ZAMBOANGA CITY, Philippines: Philippine troops killed a senior commander of Abu Sayyaf group wanted for kidnappings and bombings amid an ongoing offensive in the restive Muslim province of Basilan, south of the Philippines, the military officials said Friday.
Officials said Abdullah Ajijul alias Abu Termiji, was slain following a firefight with security forces in the town of Al-Barka on Wednesday. A regional military chief, Marine Maj. Gen.

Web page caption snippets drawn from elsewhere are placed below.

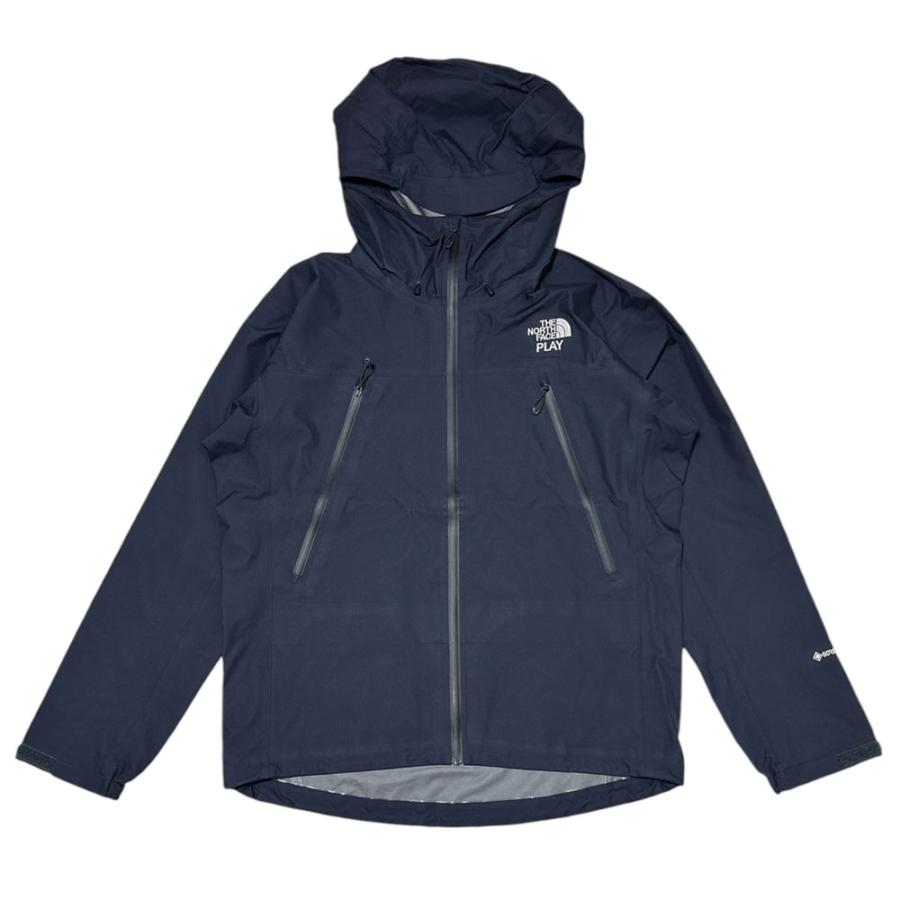 THE NORTH FACE 新品 ザ・ノースフェイス プレイ PLAY 店舗限定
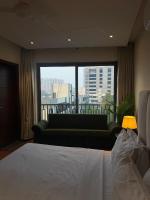 Zen Studio Retreat • Gulberg Lahore - B&B Lahore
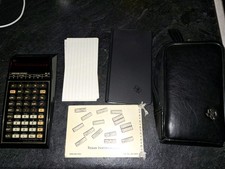 Texas Instruments TI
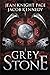 Grey Stone (The Grey)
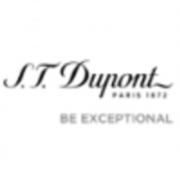 S.T. Dupont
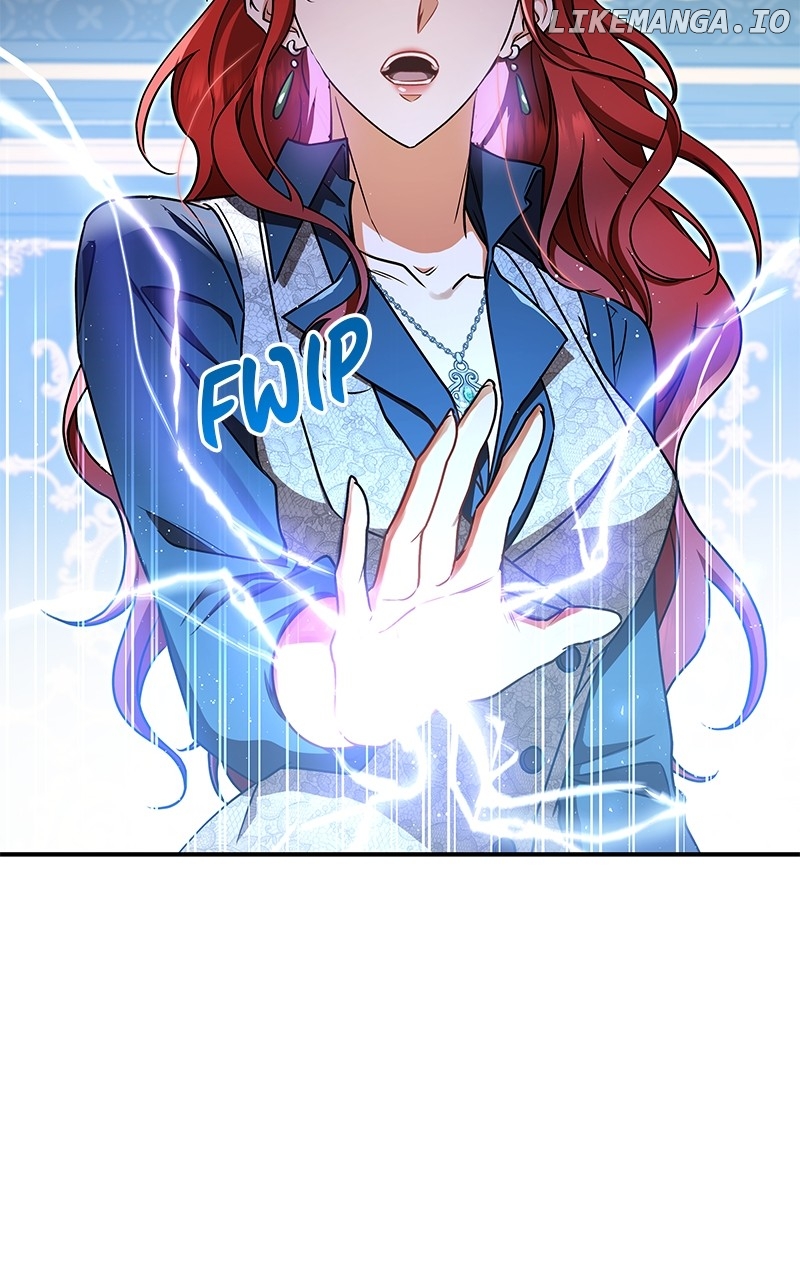 Page 95 of Chapter 54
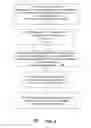 Fig. 04 - System and method of selective channel or advertising delivery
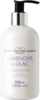 Scottish Fine Soaps Lavender and Lilac Hand Lotion 300ml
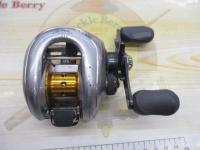 07メタニウムMg7 RH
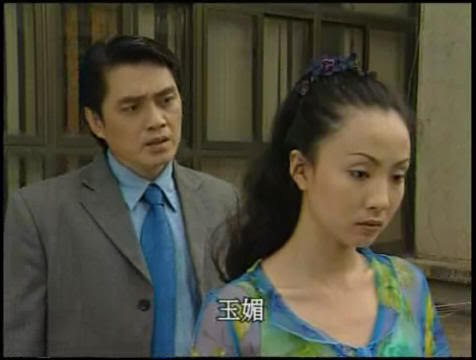 http://www.omega3-ala.com/pics/default/download/30250733da2b125f3ea3c141356f37db.jpg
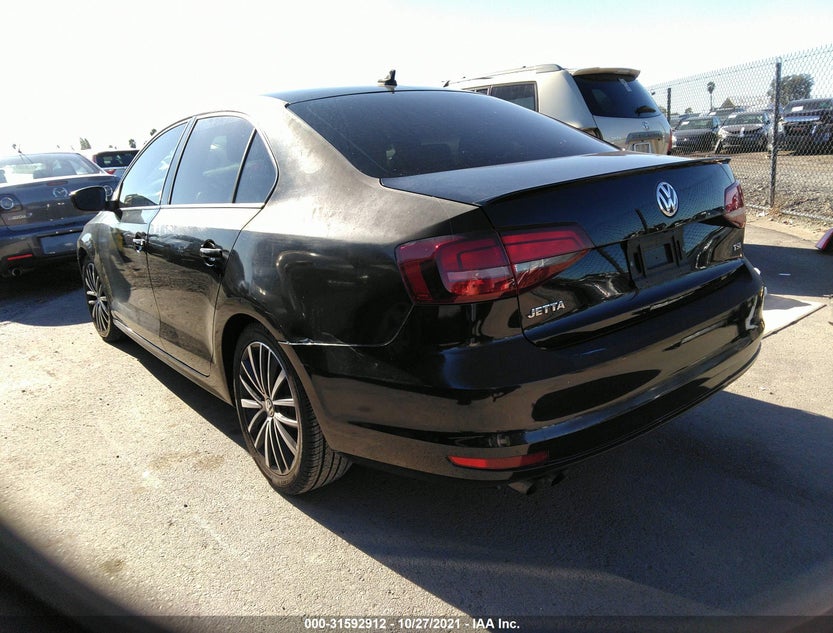 3VWD17AJ6GM259241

Benjamin Dolorfino, said Ajijul was the head of the Abu Sayyaf’s urban terrorist group blamed for the series of bombings in Zamboanga City.
“Ajijul is a big loss to the Abu Sayyaf because he headed the urban terrorist group which was behind the spate of attacks in Zamboanga City,” Dolorfino said.
He said the slain militant leader, who had a three million pesos bounty for his capture, was involved in the kidnappings early this year of three state teachers Janette de los Reyes, Freires Quizon and Rafael Mayonado in Zamboanga City. The trio was held in Basilan province and freed four months later after private negotiators paid millions of pesos in ransom.
Dolorfino said troops tracked down the terror leader at a hideout in the village of Cambug and killed him in a firefight. “It was a long and special intelligence operation that led troops to Ajijul’s hideout in Basilan,” he said. He said Ajijul, a native of Curuan village in Zamboanga City, was on the list of the military’s order of battle and included on the government’s most wanted list.
Dolorfino said Ajijul was the younger brother slain Abu Sayyaf leader Amilhamja Ajijul, blamed for the killing of a US soldier participating in a joint military drill in a bomb attack on a roadside eatery in Malagutay village in Zamboanga City in 2002, and the bombings of Shop-O-Rama and Shopper’s Central department stores here that left dozens of civilians dead and wounded.
Ajijul’s group was also implicated in the twin bombings in downtown Zamboanga City in 2007 that injured 26 people. The military also implicated Ajijul in the kidnapping of US citizen Jeffrey Craig Schilling in Sulu province and dozens of Filipinos in Basilan in 2000.
“After his brother’s death, the young Ajijul took over the urban terrorist group that Amilhamja originally founded in Zamboanga and since then engaged in kidnappings and bombings,” Dolorfino said.
Troops killed the elder Ajijul, a key Abu Sayyaf bomber and his father, Andalul, in a firefight in Curuan village in Zamboanga City.
The Abu Sayyaf is on a US list of terrorist organizations and Washington has offered as much as $10 million bounty for the capture of the group’s known leaders.